Ryan, one of the original 29 who pioneered American Steel fighting in Poland, 2012, is the current Regional Commander of the North West Wolf Pack. The Region supports five Chapters of the ACL, with most of its fighters having trained under Ryan. Ryan is a hard worker, creating armor and shields for his teammates while working a full time job and supporting a large family. Ryan is also the primary person who has worked with the ACL to bring us wonderful trophies, plaques and medallions showcasing the talent across the country for our ACL fighters and support staff.
#1. New fighters need to relax!
This cannot be stressed enough. Low level fighters enter the field tense, nervous, muscles tight. This is the absolute worst thing you can do to yourself as a fighter. Your muscles should be relaxed, be loose, even limp. Your breathing should be slow and regular before the fight starts. Look at the great fighters in your area. They will almost without exception be standing on the field like it's just another day with nothing to do, using the absolute minimal amount of energy to remain standing.

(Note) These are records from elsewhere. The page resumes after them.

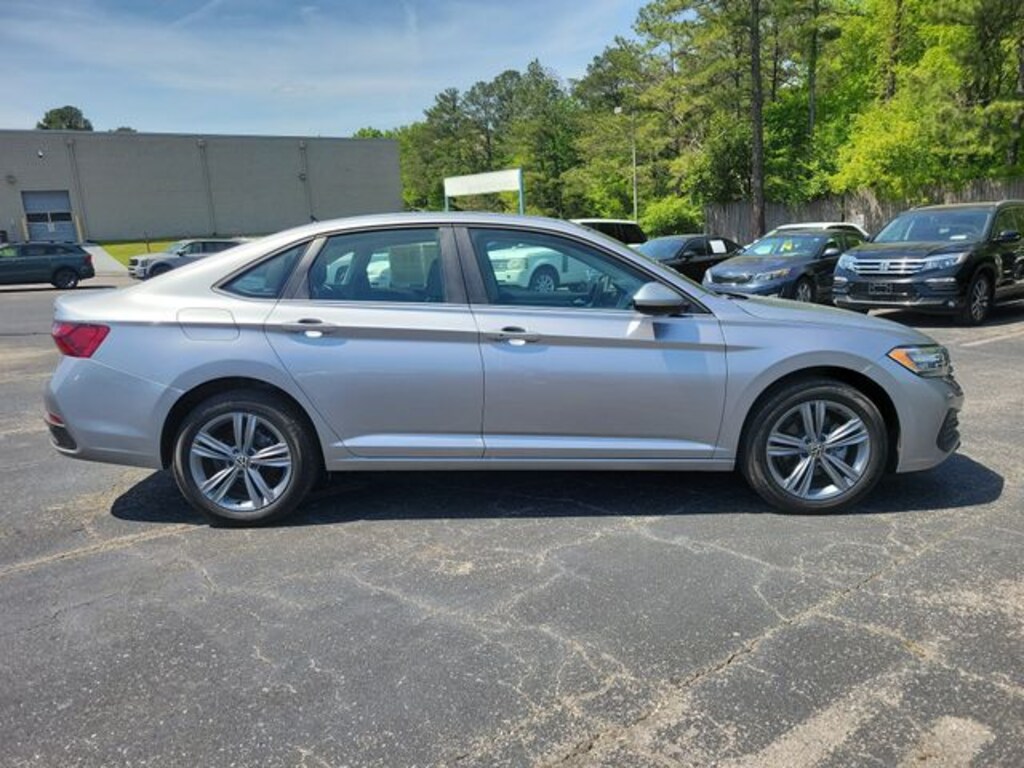 Used 2024 Volkswagen Jetta 1.5T SE Sedan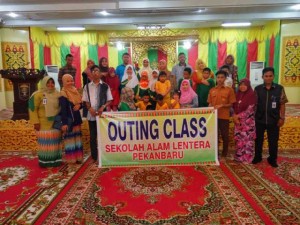 Murid dan Kepsek Sekolah Alam Lentera Pekanbaru foto bersama acara Outing Class di Lembaga Adat Melayu Riau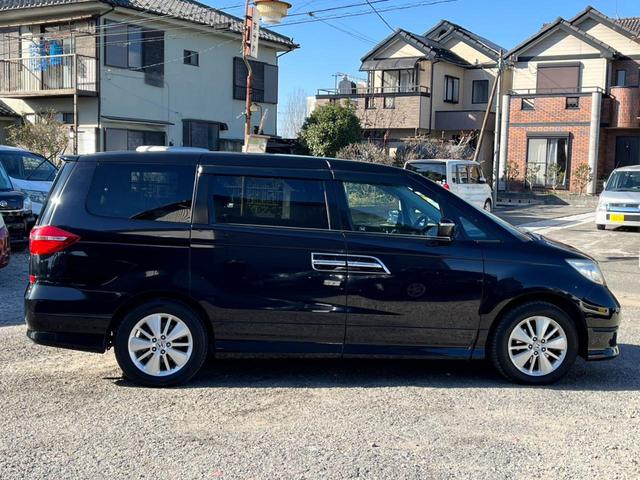 エリシオンプレステージ Ｓ　ＨＤＤナビスペシャルパッケージ　バックカメラ　ナビ　両側電動スライドドア　ＨＩＤ　キーレスエントリー　３列シート　ＡＴ　盗難防止システム　衝突安全ボディ　ＡＢＳ　エアコン　パワーステアリング　パワーウィンドウ（13枚目）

This one important step will increase your speed, agility, targeting, stamina, situational awareness (and field presence to others considering you a threat or a speed bump), more than any other thing or years of training. It will also reduce risk and severity of injury, as it directly related to the next item.

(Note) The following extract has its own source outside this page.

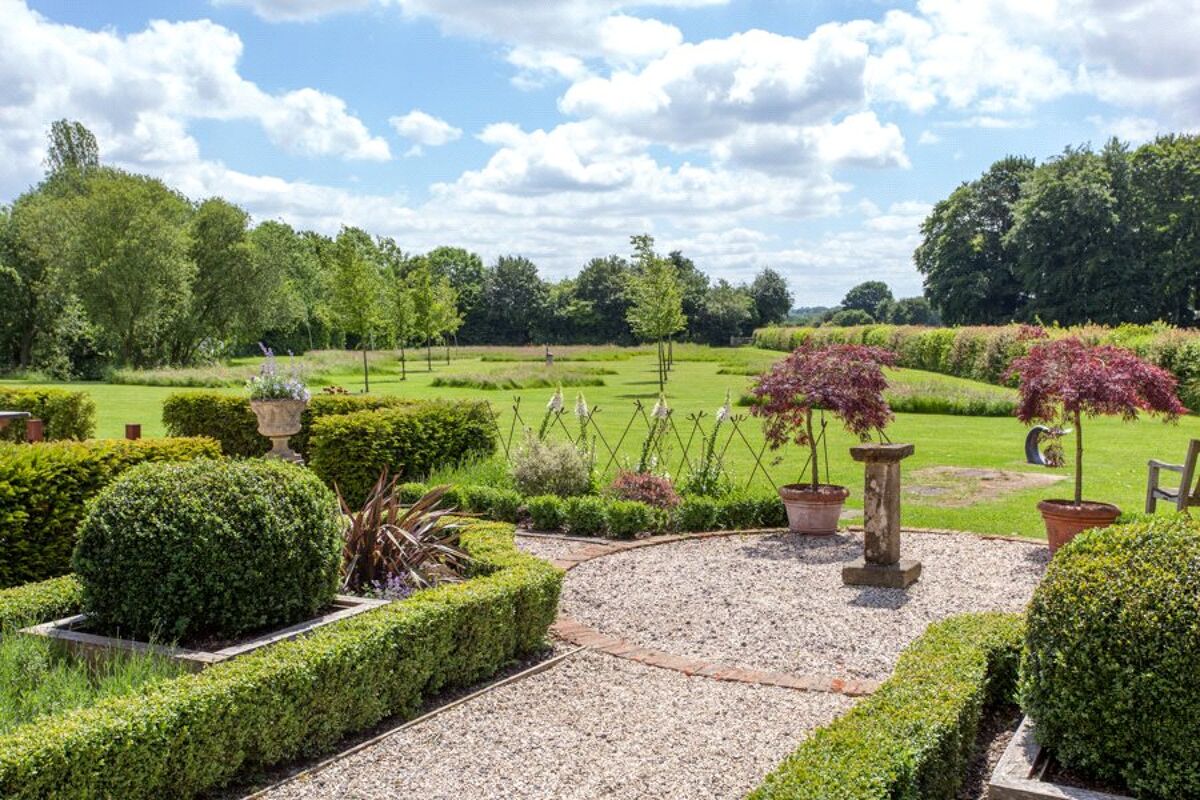 house for sale in Nuffield, HenleyonThames, Oxfordshire, RG9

#2. They haven't stretched properly.
Not to say you need to be a yoga master, but it doesn't hurt.
A typical series of common athletic stretches massively reduces risk of injury, not just from sprains and strains, but also from impact. Literally think of it as using your sword against a stick or a rubber band. Which is going to take more damage?

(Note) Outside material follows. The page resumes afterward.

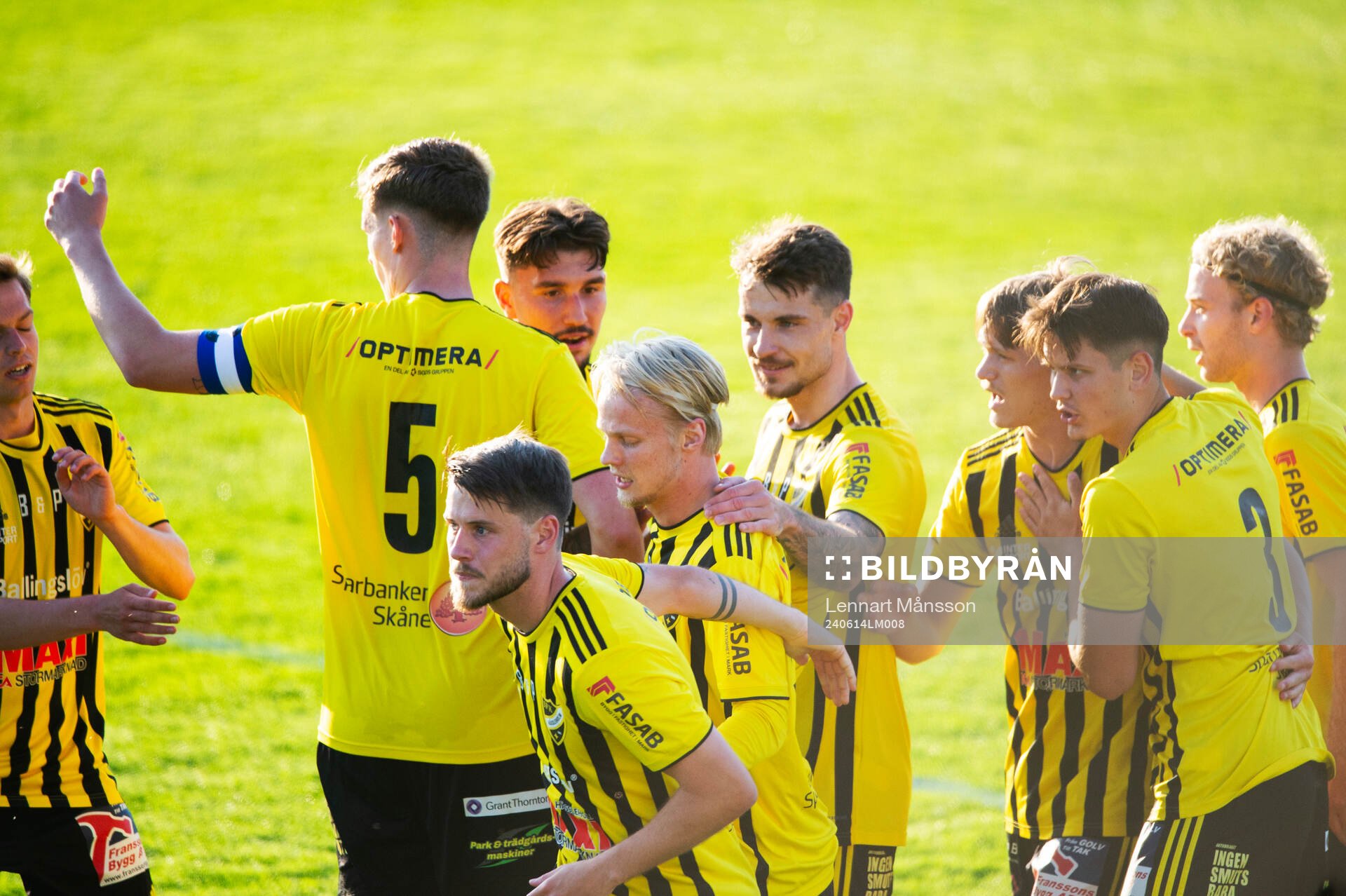 IFK Hässleholms jublar i matchen i div 2 mellan IFK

#3 Having your head in the wrong place. People tend to overthink the fight and blow it, or under think into a berserker rage and do something stupid.
Approach each fight as an active participant, but allow yourself to just react. Don't try to plan things out. No plan survives the initial encounter. Keep your head in the rules, relax and think about what's happening later.
It takes most people years to develops what I call "feeling the fight". The subtle reactions to your opponent applying pressure on the fight. That won't come right away, but that is the goal.
I'll add a 4th because it ties back to #1.
Don't cut corners with your kit. It's one thing to make do with loaner gear, but that is still not an excuse for gaps, insufficient padding or protection. You need to trust it based upon reality, not because you really want to fight today and no one should hit you there. ARMOR WORKS... so long as we do it right and maintain it. There will be no success if this crucial component is ignored.